Data to use |
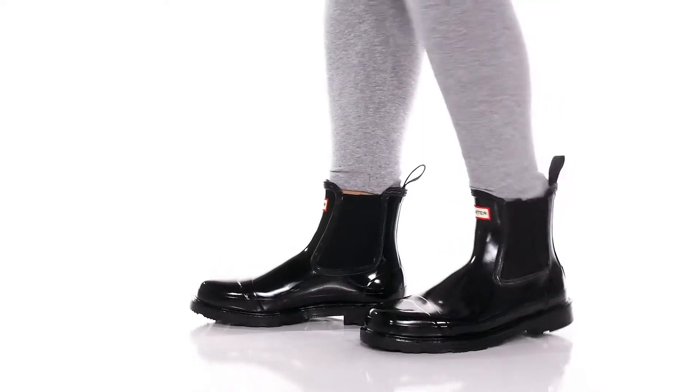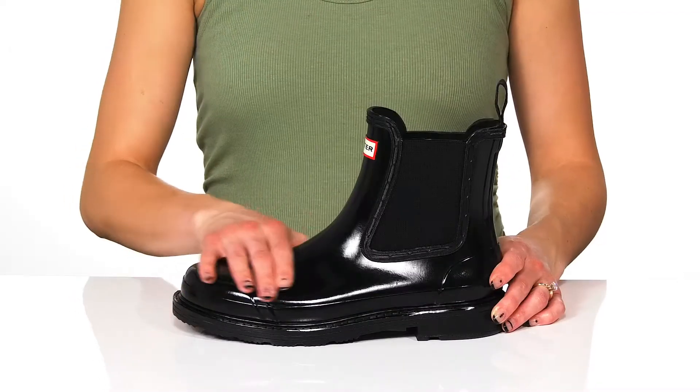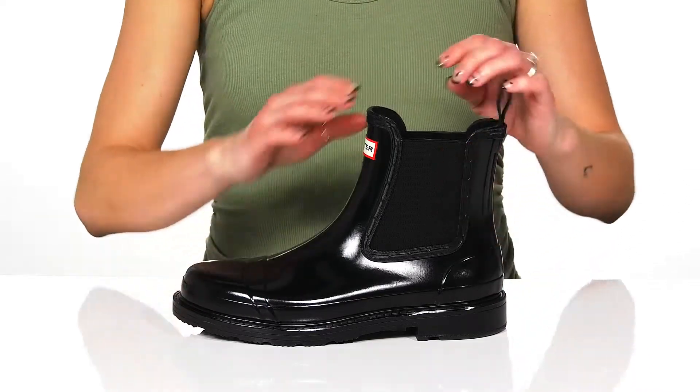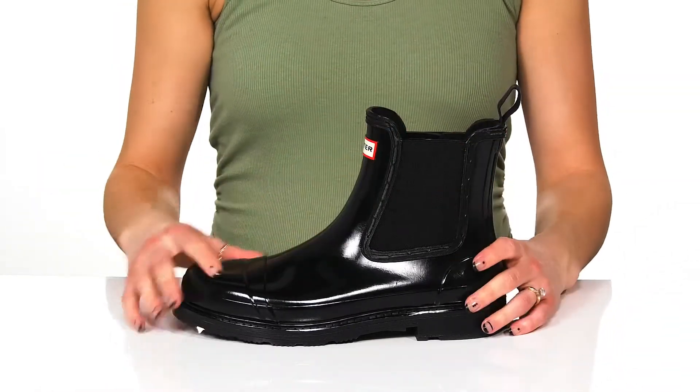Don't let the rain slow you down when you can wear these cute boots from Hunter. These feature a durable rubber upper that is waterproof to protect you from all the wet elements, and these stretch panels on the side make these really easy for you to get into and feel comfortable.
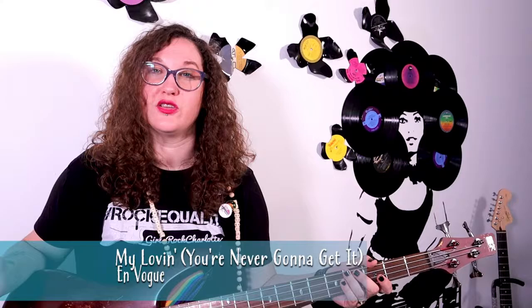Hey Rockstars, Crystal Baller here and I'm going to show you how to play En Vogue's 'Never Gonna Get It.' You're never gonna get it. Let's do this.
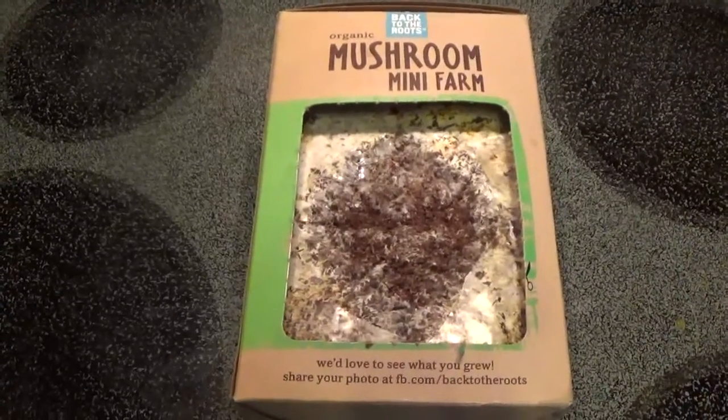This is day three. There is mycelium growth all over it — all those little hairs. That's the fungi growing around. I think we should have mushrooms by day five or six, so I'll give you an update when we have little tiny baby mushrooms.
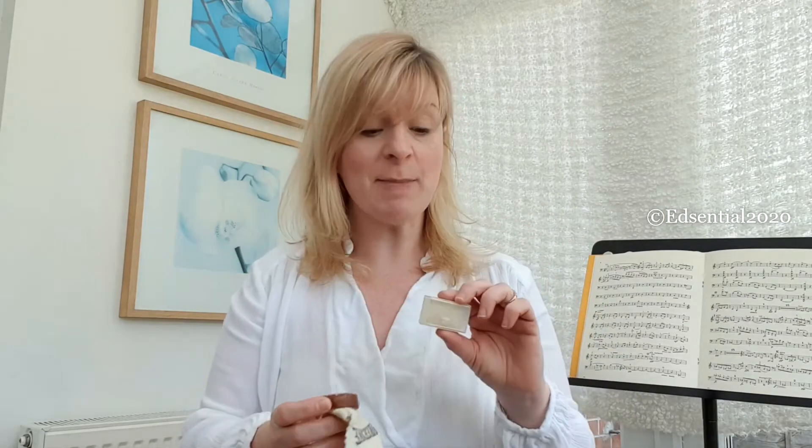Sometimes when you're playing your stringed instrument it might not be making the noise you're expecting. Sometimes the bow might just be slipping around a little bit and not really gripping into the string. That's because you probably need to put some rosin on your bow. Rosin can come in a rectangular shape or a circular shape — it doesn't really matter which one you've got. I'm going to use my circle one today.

...

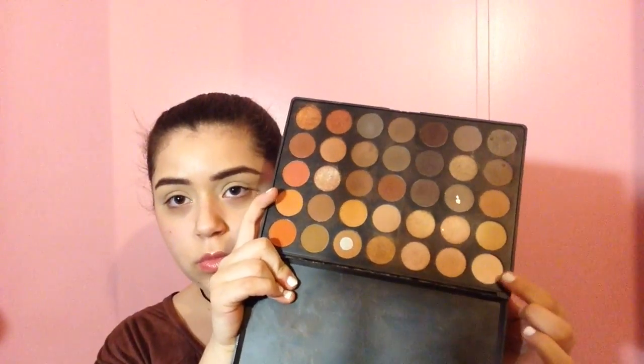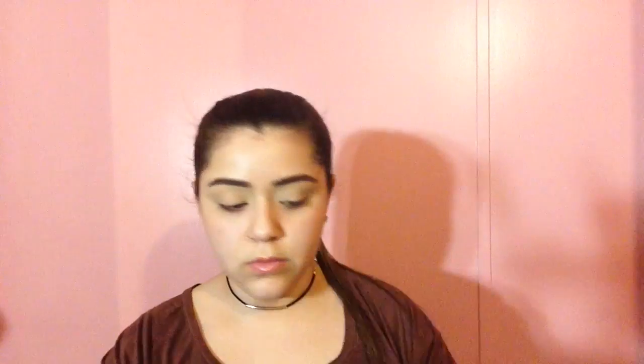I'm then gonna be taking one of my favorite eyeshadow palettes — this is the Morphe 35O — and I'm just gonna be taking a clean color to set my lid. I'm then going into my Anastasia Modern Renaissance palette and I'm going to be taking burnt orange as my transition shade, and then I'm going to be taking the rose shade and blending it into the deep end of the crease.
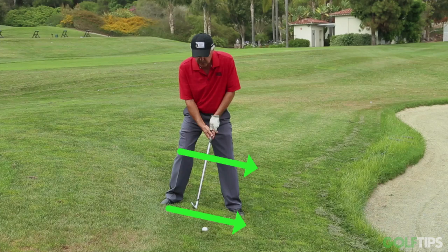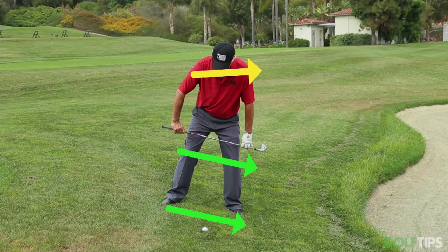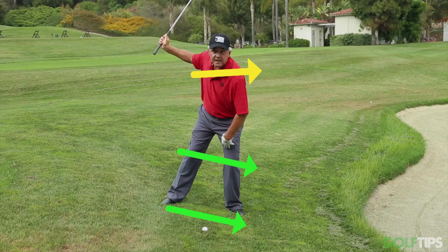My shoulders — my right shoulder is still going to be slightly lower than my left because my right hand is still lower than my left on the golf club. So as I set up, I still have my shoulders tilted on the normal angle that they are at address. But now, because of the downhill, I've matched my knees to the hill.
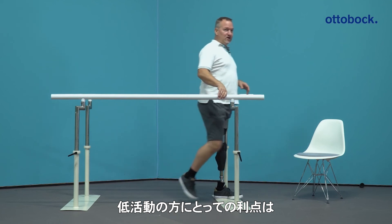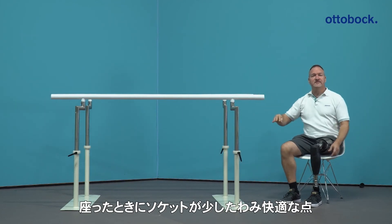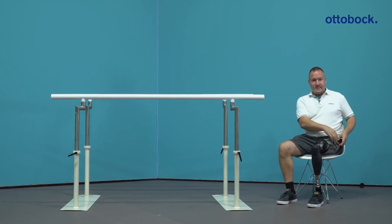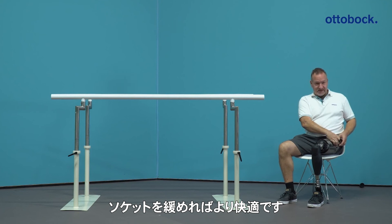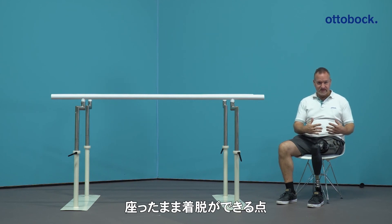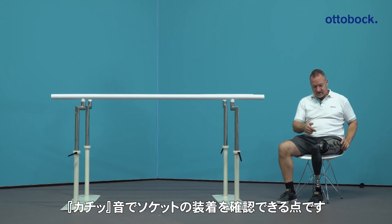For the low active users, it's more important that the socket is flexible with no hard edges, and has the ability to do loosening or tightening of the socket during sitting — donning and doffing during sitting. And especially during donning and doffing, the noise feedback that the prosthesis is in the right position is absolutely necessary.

Task to complete |
Since the pictures are not part of the copy, please transcribe only the lines above from the one with "My shoulders —" through the one with "For the low", exactly and with both ends.

Your response |
My shoulders — my right shoulder is still going to be slightly lower than my left because my right hand is still lower than my left on the golf club. So as I set up, I still have my shoulders tilted on the normal angle that they are at address. But now, because of the downhill, I've matched my knees to the hill.
For the low active users, it's more important that the socket is flexible with no hard edges, and has the ability to do loosening or tightening of the socket during sitting — donning and doffing during sitting. And especially during donning and doffing, the noise feedback that the prosthesis is in the right position is absolutely necessary.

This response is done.